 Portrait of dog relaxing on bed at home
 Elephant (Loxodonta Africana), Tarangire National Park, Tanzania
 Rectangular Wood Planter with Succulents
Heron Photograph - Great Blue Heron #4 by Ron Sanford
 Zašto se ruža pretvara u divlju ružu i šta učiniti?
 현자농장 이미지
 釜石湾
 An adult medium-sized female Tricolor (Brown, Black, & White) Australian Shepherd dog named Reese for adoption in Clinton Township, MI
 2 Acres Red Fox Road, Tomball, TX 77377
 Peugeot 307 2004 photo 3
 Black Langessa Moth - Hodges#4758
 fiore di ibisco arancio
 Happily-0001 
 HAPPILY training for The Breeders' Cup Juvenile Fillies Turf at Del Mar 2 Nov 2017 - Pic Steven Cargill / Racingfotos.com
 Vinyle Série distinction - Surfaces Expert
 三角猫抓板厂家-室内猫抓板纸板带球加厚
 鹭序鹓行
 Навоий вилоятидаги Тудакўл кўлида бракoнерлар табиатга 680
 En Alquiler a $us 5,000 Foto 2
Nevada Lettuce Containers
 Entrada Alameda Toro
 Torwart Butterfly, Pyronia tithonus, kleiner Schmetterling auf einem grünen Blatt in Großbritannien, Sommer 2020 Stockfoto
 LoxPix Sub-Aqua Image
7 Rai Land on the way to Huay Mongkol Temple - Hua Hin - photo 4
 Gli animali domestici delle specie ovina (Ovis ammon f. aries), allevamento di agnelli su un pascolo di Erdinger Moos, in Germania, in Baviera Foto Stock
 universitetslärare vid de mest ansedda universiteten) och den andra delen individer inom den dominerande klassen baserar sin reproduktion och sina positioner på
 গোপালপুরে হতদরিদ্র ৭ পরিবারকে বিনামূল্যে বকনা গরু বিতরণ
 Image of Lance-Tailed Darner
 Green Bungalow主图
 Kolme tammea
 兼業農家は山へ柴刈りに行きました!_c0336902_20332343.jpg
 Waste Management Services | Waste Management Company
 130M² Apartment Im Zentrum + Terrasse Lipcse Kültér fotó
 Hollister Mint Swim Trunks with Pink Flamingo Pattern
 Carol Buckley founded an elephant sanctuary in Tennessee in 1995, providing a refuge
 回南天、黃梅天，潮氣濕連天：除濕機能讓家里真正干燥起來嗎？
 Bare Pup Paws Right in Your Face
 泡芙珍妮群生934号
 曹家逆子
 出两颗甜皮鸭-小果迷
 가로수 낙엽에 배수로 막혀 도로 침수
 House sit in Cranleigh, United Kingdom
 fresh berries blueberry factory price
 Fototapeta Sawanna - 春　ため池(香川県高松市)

——————————

• EXERCISE BRIEF
The response should hold exactly the lines starting at the line with "Heron Photograph - Great" and ending at the line with "fresh berries blueberry factory price", and no other line of the material above.

• SOLUTION FOR THIS PROBLEM
Heron Photograph - Great Blue Heron #4 by Ron Sanford
 Zašto se ruža pretvara u divlju ružu i šta učiniti?
 현자농장 이미지
 釜石湾
 An adult medium-sized female Tricolor (Brown, Black, & White) Australian Shepherd dog named Reese for adoption in Clinton Township, MI
 2 Acres Red Fox Road, Tomball, TX 77377
 Peugeot 307 2004 photo 3
 Black Langessa Moth - Hodges#4758
 fiore di ibisco arancio
 Happily-0001 
 HAPPILY training for The Breeders' Cup Juvenile Fillies Turf at Del Mar 2 Nov 2017 - Pic Steven Cargill / Racingfotos.com
 Vinyle Série distinction - Surfaces Expert
 三角猫抓板厂家-室内猫抓板纸板带球加厚
 鹭序鹓行
 Навоий вилоятидаги Тудакўл кўлида бракoнерлар табиатга 680
 En Alquiler a $us 5,000 Foto 2
Nevada Lettuce Containers
 Entrada Alameda Toro
 Torwart Butterfly, Pyronia tithonus, kleiner Schmetterling auf einem grünen Blatt in Großbritannien, Sommer 2020 Stockfoto
 LoxPix Sub-Aqua Image
7 Rai Land on the way to Huay Mongkol Temple - Hua Hin - photo 4
 Gli animali domestici delle specie ovina (Ovis ammon f. aries), allevamento di agnelli su un pascolo di Erdinger Moos, in Germania, in Baviera Foto Stock
 universitetslärare vid de mest ansedda universiteten) och den andra delen individer inom den dominerande klassen baserar sin reproduktion och sina positioner på
 গোপালপুরে হতদরিদ্র ৭ পরিবারকে বিনামূল্যে বকনা গরু বিতরণ
 Image of Lance-Tailed Darner
 Green Bungalow主图
 Kolme tammea
 兼業農家は山へ柴刈りに行きました!_c0336902_20332343.jpg
 Waste Management Services | Waste Management Company
 130M² Apartment Im Zentrum + Terrasse Lipcse Kültér fotó
 Hollister Mint Swim Trunks with Pink Flamingo Pattern
 Carol Buckley founded an elephant sanctuary in Tennessee in 1995, providing a refuge
 回南天、黃梅天，潮氣濕連天：除濕機能讓家里真正干燥起來嗎？
 Bare Pup Paws Right in Your Face
 泡芙珍妮群生934号
 曹家逆子
 出两颗甜皮鸭-小果迷
 가로수 낙엽에 배수로 막혀 도로 침수
 House sit in Cranleigh, United Kingdom
 fresh berries blueberry factory price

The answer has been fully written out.